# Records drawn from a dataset
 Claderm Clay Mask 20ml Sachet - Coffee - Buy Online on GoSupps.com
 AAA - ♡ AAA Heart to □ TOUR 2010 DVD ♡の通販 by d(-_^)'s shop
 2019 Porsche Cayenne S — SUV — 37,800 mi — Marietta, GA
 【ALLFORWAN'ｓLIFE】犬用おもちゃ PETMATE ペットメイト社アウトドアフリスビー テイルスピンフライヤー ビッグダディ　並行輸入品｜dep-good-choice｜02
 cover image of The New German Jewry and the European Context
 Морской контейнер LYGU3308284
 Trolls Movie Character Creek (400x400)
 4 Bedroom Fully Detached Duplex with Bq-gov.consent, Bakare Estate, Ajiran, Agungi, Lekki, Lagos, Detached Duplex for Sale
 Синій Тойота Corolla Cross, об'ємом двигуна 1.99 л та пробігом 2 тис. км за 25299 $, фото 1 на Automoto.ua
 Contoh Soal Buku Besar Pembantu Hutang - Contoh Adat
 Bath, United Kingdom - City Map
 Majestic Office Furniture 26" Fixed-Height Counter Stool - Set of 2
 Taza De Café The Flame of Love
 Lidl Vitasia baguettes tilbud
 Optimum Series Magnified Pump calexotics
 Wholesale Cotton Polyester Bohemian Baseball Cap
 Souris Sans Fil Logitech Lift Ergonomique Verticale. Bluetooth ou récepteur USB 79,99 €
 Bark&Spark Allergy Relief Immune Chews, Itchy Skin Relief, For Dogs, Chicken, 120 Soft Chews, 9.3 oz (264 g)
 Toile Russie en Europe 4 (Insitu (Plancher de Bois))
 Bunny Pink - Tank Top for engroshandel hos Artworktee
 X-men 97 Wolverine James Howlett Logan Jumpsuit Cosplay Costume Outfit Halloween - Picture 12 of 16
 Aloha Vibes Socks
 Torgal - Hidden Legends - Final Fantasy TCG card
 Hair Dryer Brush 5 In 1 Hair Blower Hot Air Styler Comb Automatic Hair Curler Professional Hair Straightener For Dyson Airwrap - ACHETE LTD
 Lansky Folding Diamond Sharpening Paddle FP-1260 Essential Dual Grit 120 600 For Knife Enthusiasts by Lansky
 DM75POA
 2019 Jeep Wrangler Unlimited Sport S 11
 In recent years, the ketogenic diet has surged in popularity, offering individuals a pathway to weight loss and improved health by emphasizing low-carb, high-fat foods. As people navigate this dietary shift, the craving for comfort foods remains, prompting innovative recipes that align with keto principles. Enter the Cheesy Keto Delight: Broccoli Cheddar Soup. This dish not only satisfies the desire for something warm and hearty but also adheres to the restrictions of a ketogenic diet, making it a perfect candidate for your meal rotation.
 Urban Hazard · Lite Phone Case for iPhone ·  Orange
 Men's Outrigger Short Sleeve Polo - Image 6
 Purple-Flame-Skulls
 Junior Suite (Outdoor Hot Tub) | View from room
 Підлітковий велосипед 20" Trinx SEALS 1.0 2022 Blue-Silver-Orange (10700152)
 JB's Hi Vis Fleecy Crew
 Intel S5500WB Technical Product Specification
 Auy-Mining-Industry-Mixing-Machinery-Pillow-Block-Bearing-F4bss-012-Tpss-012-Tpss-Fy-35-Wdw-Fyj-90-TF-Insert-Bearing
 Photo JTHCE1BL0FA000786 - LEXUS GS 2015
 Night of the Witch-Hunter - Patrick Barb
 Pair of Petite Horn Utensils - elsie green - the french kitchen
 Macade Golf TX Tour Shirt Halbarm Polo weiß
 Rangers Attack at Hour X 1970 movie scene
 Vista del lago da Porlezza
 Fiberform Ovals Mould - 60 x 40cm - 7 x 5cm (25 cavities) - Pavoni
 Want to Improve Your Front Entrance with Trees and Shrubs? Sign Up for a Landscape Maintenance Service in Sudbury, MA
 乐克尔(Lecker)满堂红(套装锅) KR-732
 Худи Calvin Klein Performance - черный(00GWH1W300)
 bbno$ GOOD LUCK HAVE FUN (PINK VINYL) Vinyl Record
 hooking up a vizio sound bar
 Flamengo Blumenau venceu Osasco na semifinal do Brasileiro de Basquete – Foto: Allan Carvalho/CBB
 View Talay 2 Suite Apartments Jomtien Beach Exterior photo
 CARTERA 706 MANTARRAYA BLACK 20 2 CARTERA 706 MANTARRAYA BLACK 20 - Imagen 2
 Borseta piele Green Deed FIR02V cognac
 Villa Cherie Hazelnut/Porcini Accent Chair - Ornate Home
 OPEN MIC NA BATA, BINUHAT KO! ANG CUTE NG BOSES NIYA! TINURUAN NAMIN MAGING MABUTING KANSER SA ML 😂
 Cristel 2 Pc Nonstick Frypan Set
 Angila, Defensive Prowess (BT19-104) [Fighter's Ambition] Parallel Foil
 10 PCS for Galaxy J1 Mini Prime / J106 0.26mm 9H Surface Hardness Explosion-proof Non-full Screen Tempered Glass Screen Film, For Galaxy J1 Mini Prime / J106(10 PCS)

# EXERCISE REQUIREMENTS
Return the records above verbatim, in their entirety.

# ANSWER TO THE EXERCISE
 Claderm Clay Mask 20ml Sachet - Coffee - Buy Online on GoSupps.com
 AAA - ♡ AAA Heart to □ TOUR 2010 DVD ♡の通販 by d(-_^)'s shop
 2019 Porsche Cayenne S — SUV — 37,800 mi — Marietta, GA
 【ALLFORWAN'ｓLIFE】犬用おもちゃ PETMATE ペットメイト社アウトドアフリスビー テイルスピンフライヤー ビッグダディ　並行輸入品｜dep-good-choice｜02
 cover image of The New German Jewry and the European Context
 Морской контейнер LYGU3308284
 Trolls Movie Character Creek (400x400)
 4 Bedroom Fully Detached Duplex with Bq-gov.consent, Bakare Estate, Ajiran, Agungi, Lekki, Lagos, Detached Duplex for Sale
 Синій Тойота Corolla Cross, об'ємом двигуна 1.99 л та пробігом 2 тис. км за 25299 $, фото 1 на Automoto.ua
 Contoh Soal Buku Besar Pembantu Hutang - Contoh Adat
 Bath, United Kingdom - City Map
 Majestic Office Furniture 26" Fixed-Height Counter Stool - Set of 2
 Taza De Café The Flame of Love
 Lidl Vitasia baguettes tilbud
 Optimum Series Magnified Pump calexotics
 Wholesale Cotton Polyester Bohemian Baseball Cap
 Souris Sans Fil Logitech Lift Ergonomique Verticale. Bluetooth ou récepteur USB 79,99 €
 Bark&Spark Allergy Relief Immune Chews, Itchy Skin Relief, For Dogs, Chicken, 120 Soft Chews, 9.3 oz (264 g)
 Toile Russie en Europe 4 (Insitu (Plancher de Bois))
 Bunny Pink - Tank Top for engroshandel hos Artworktee
 X-men 97 Wolverine James Howlett Logan Jumpsuit Cosplay Costume Outfit Halloween - Picture 12 of 16
 Aloha Vibes Socks
 Torgal - Hidden Legends - Final Fantasy TCG card
 Hair Dryer Brush 5 In 1 Hair Blower Hot Air Styler Comb Automatic Hair Curler Professional Hair Straightener For Dyson Airwrap - ACHETE LTD
 Lansky Folding Diamond Sharpening Paddle FP-1260 Essential Dual Grit 120 600 For Knife Enthusiasts by Lansky
 DM75POA
 2019 Jeep Wrangler Unlimited Sport S 11
 In recent years, the ketogenic diet has surged in popularity, offering individuals a pathway to weight loss and improved health by emphasizing low-carb, high-fat foods. As people navigate this dietary shift, the craving for comfort foods remains, prompting innovative recipes that align with keto principles. Enter the Cheesy Keto Delight: Broccoli Cheddar Soup. This dish not only satisfies the desire for something warm and hearty but also adheres to the restrictions of a ketogenic diet, making it a perfect candidate for your meal rotation.
 Urban Hazard · Lite Phone Case for iPhone ·  Orange
 Men's Outrigger Short Sleeve Polo - Image 6
 Purple-Flame-Skulls
 Junior Suite (Outdoor Hot Tub) | View from room
 Підлітковий велосипед 20" Trinx SEALS 1.0 2022 Blue-Silver-Orange (10700152)
 JB's Hi Vis Fleecy Crew
 Intel S5500WB Technical Product Specification
 Auy-Mining-Industry-Mixing-Machinery-Pillow-Block-Bearing-F4bss-012-Tpss-012-Tpss-Fy-35-Wdw-Fyj-90-TF-Insert-Bearing
 Photo JTHCE1BL0FA000786 - LEXUS GS 2015
 Night of the Witch-Hunter - Patrick Barb
 Pair of Petite Horn Utensils - elsie green - the french kitchen
 Macade Golf TX Tour Shirt Halbarm Polo weiß
 Rangers Attack at Hour X 1970 movie scene
 Vista del lago da Porlezza
 Fiberform Ovals Mould - 60 x 40cm - 7 x 5cm (25 cavities) - Pavoni
 Want to Improve Your Front Entrance with Trees and Shrubs? Sign Up for a Landscape Maintenance Service in Sudbury, MA
 乐克尔(Lecker)满堂红(套装锅) KR-732
 Худи Calvin Klein Performance - черный(00GWH1W300)
 bbno$ GOOD LUCK HAVE FUN (PINK VINYL) Vinyl Record
 hooking up a vizio sound bar
 Flamengo Blumenau venceu Osasco na semifinal do Brasileiro de Basquete – Foto: Allan Carvalho/CBB
 View Talay 2 Suite Apartments Jomtien Beach Exterior photo
 CARTERA 706 MANTARRAYA BLACK 20 2 CARTERA 706 MANTARRAYA BLACK 20 - Imagen 2
 Borseta piele Green Deed FIR02V cognac
 Villa Cherie Hazelnut/Porcini Accent Chair - Ornate Home
 OPEN MIC NA BATA, BINUHAT KO! ANG CUTE NG BOSES NIYA! TINURUAN NAMIN MAGING MABUTING KANSER SA ML 😂
 Cristel 2 Pc Nonstick Frypan Set
 Angila, Defensive Prowess (BT19-104) [Fighter's Ambition] Parallel Foil
 10 PCS for Galaxy J1 Mini Prime / J106 0.26mm 9H Surface Hardness Explosion-proof Non-full Screen Tempered Glass Screen Film, For Galaxy J1 Mini Prime / J106(10 PCS)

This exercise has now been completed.